I'm not aware of it already being in place, but from what I gather in this thread, it seems hypothetical

The runtime support is real and actively used by the Swift standard library implementation. The hypothetical part would be exposing it as API to user code, and/or adding optimizer rules to automatically immortalize object graphs when they're stored to immutable globals.


I added immortal object support in Allow Swift objects to mark themselves as ignoring refcounting by Catfish-Man · Pull Request #22569 · apple/swift · GitHub


Sidenote: the CoreFoundation & Objective-C runtimes have supported immortal objects for essentially ever. It’s a well-proven mechanism, with many practical applications (and some crutches - e.g. abusing it for singletons so you can ignore reference counting errors, though ARC largely obsoleted that particular misuse).

The only ‘difference’ in this case would be that, unlike with CF & Objective-C where immortality was granted technically at runtime and in any case had zero effect on compiler output, in Swift it does, and does (or it’s proposed will?) be propagated to referenced objects too. Sounds like a fine optimisation to me, as long as it’s implemented correctly (including w.r.t. how memory debugging & profiling tools deal with immortals - in CF / ObjC they’d show the reference count as INT32_MAX, IIRC, which was a clear signal in practice - and infallible since you could achieve immortality ‘the hard way’ by calling retain INT32_MAX times; that the retain count was INT32_MAX was the precise condition that granted immortality; the retain/release/etc methods refused to modify a retain count with that value).

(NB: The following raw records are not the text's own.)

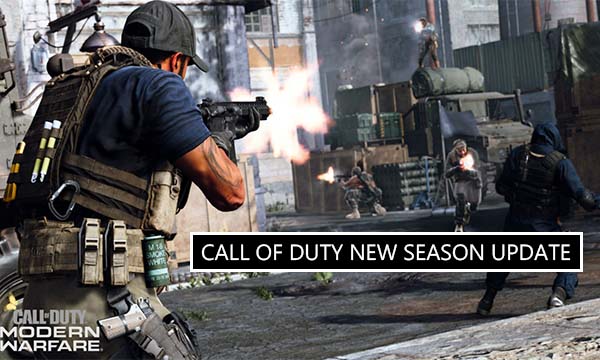 Call of Duty New Season Update
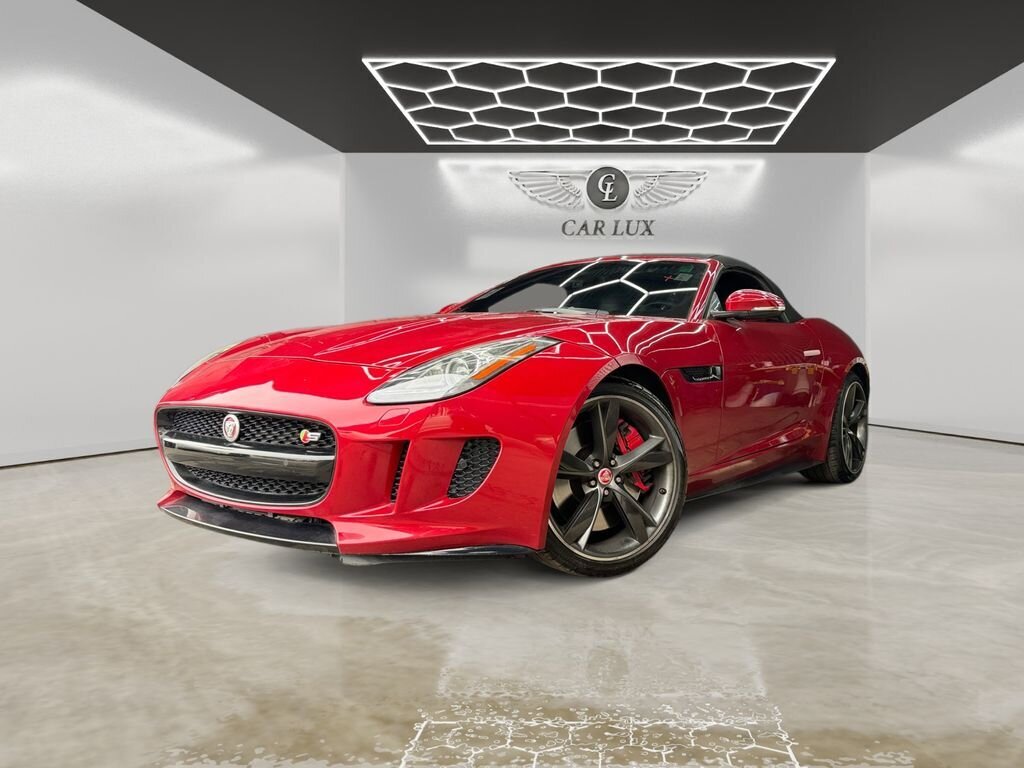2015 Jaguar F-TYPE V8 S   - Photo 1 - Lennox, CA 90304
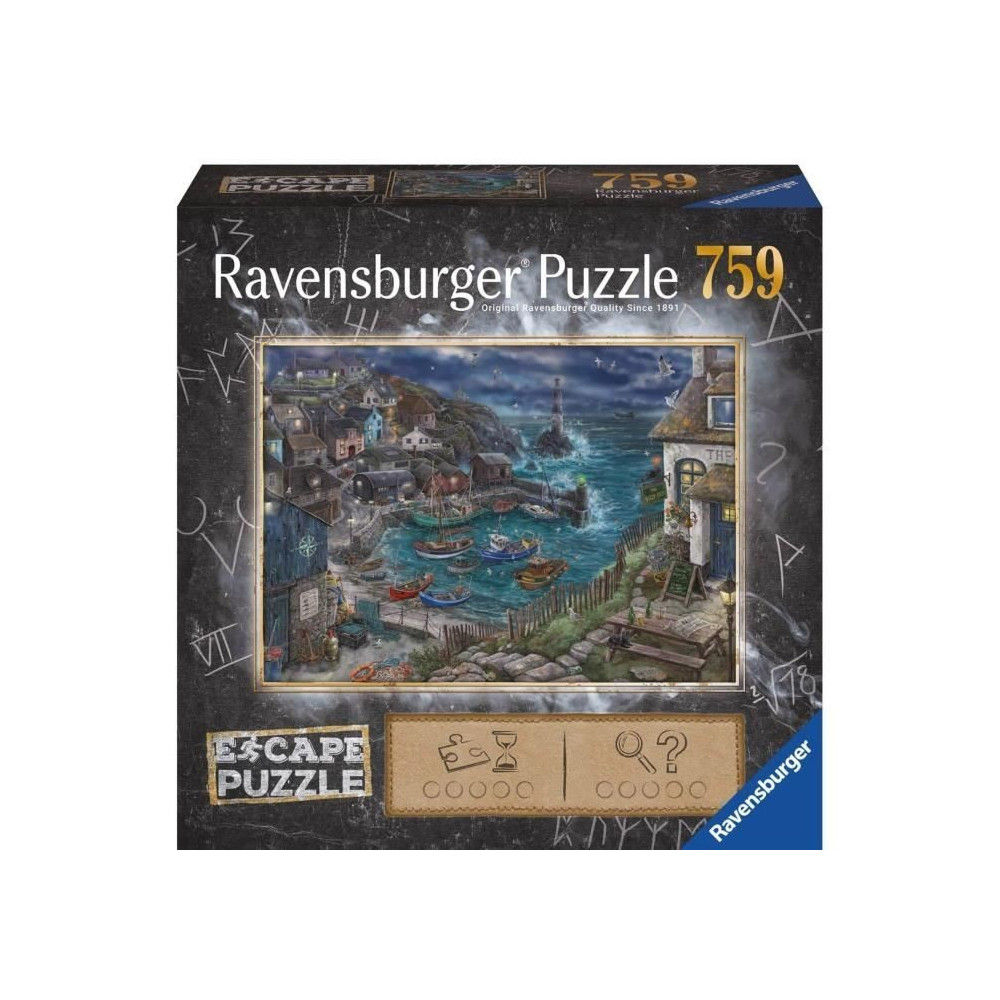 Escape puzzle Le phare - Ravensburger - 759 pieces - Pour adultes et e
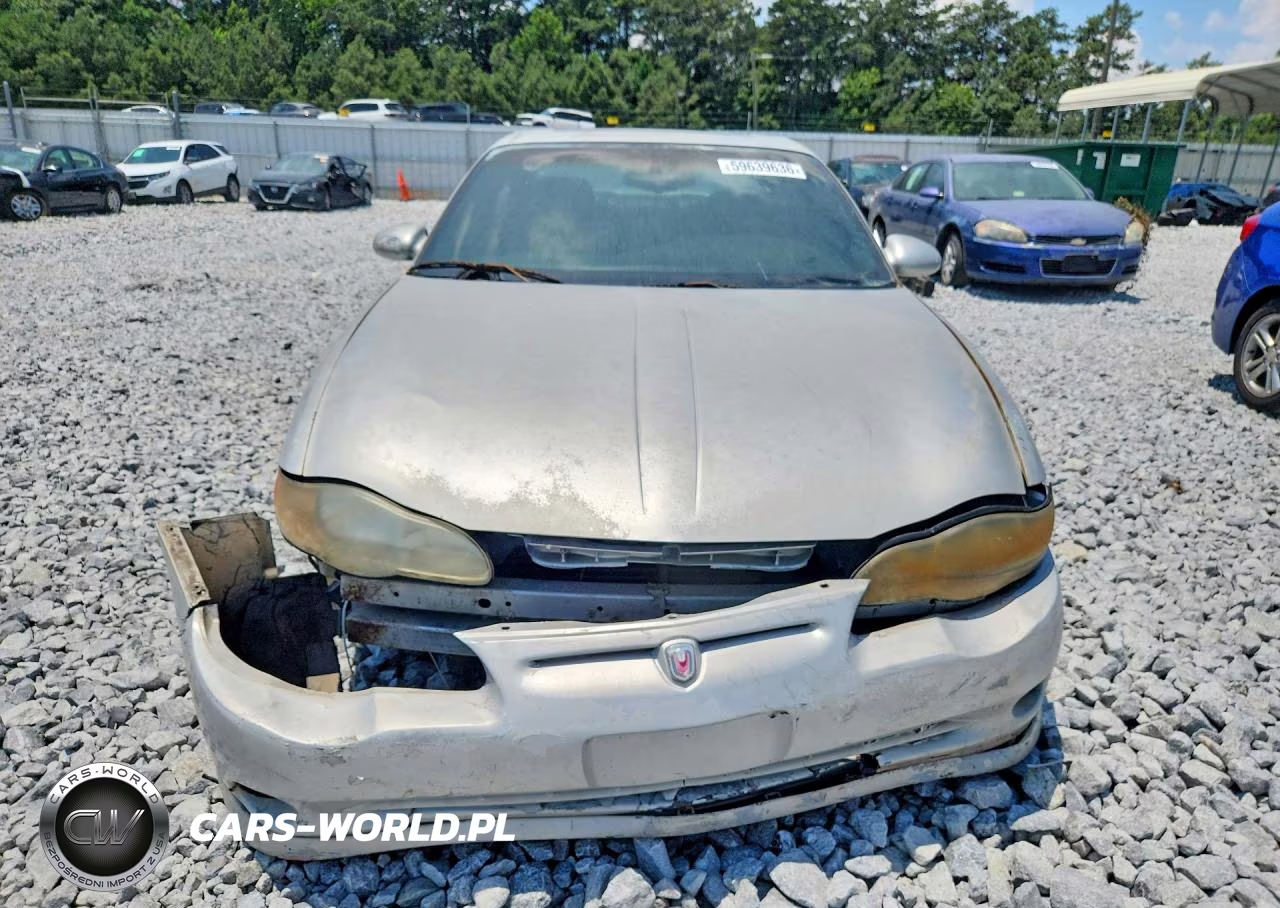 2002 Chevrolet Monte Carlo Ss VIN:2G1WX15K229287610 - 5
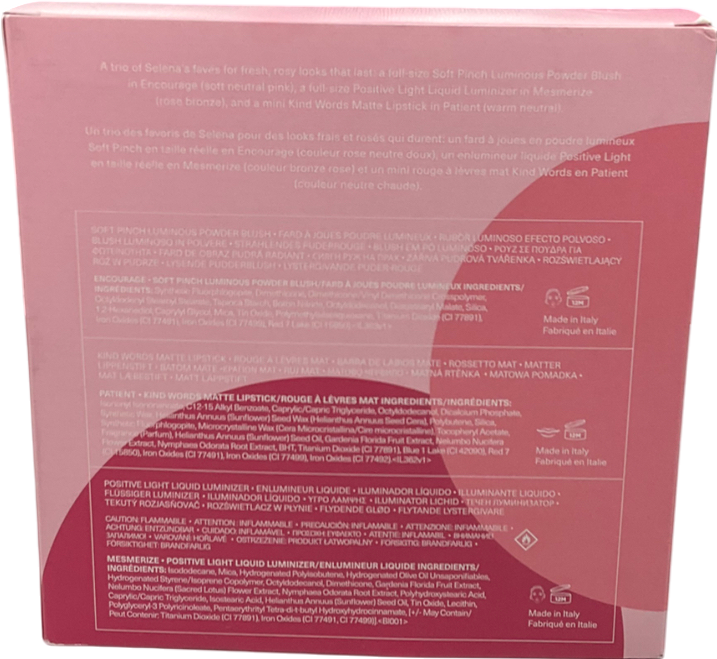 Rare Beauty Mini Blush And Luminize Trio 3.2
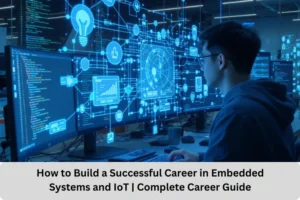 How to Build a Successful Career in Embedded Systems and IoT Complete Career Guide How to Build a Successful Career in Embedded Systems and IoT Complete Career Guide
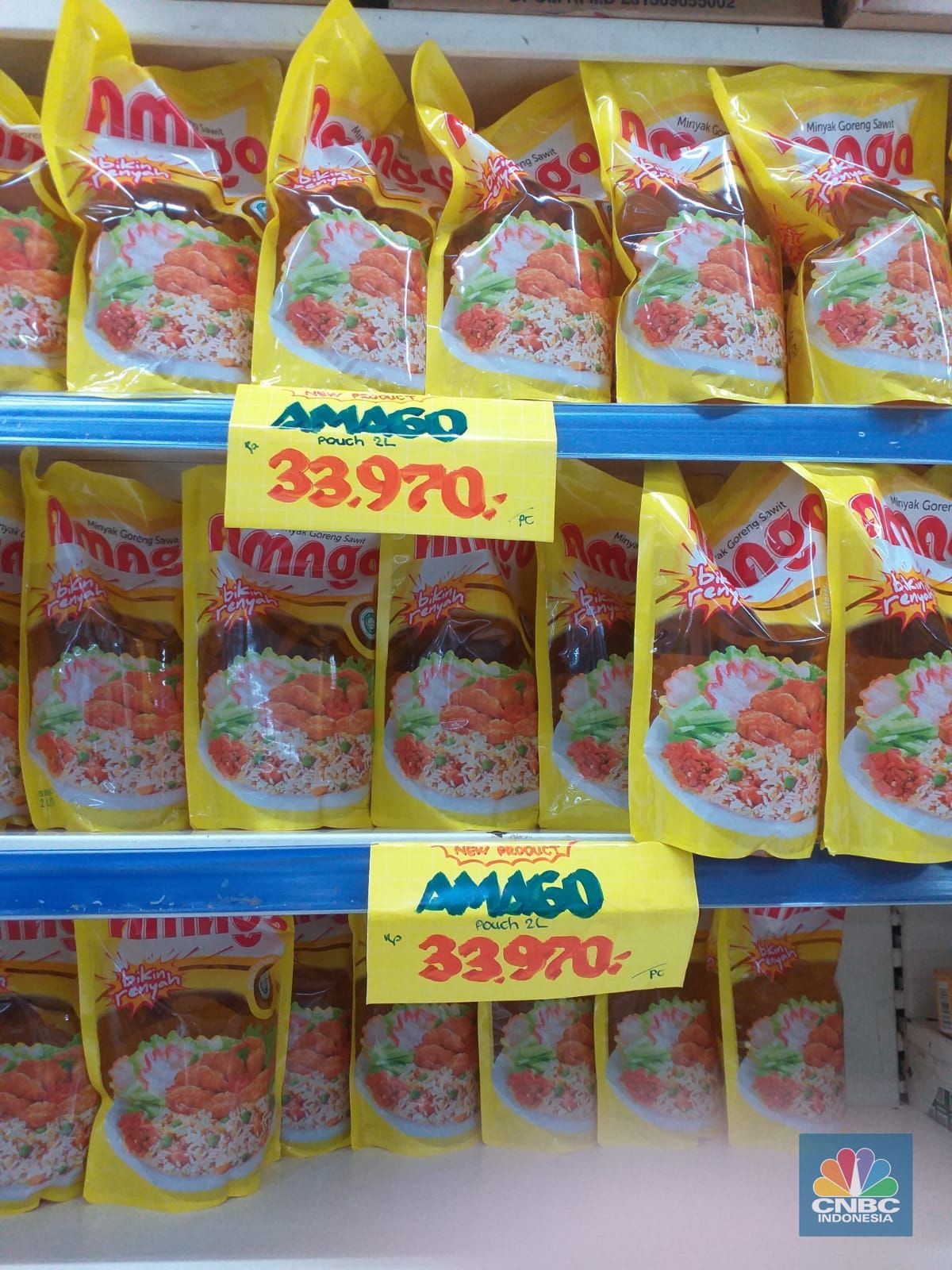 diskon harga minyak goreng turun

Maybe it was the case on old 32bit runtime, but with the 64bit runtime, immortality is granted by setting all RC bitfields flags to 0

__CFHighRCFromInfo(info) == 0; // This is a constant object

And the CFGetRetainCount is special cased for constant object to return 0x0fffffffffffffffULL

Calling retain INT32_MAX times will just cause the retain count to be high enough that there is few chance your object will ever be deallocated, but does not make it immortal.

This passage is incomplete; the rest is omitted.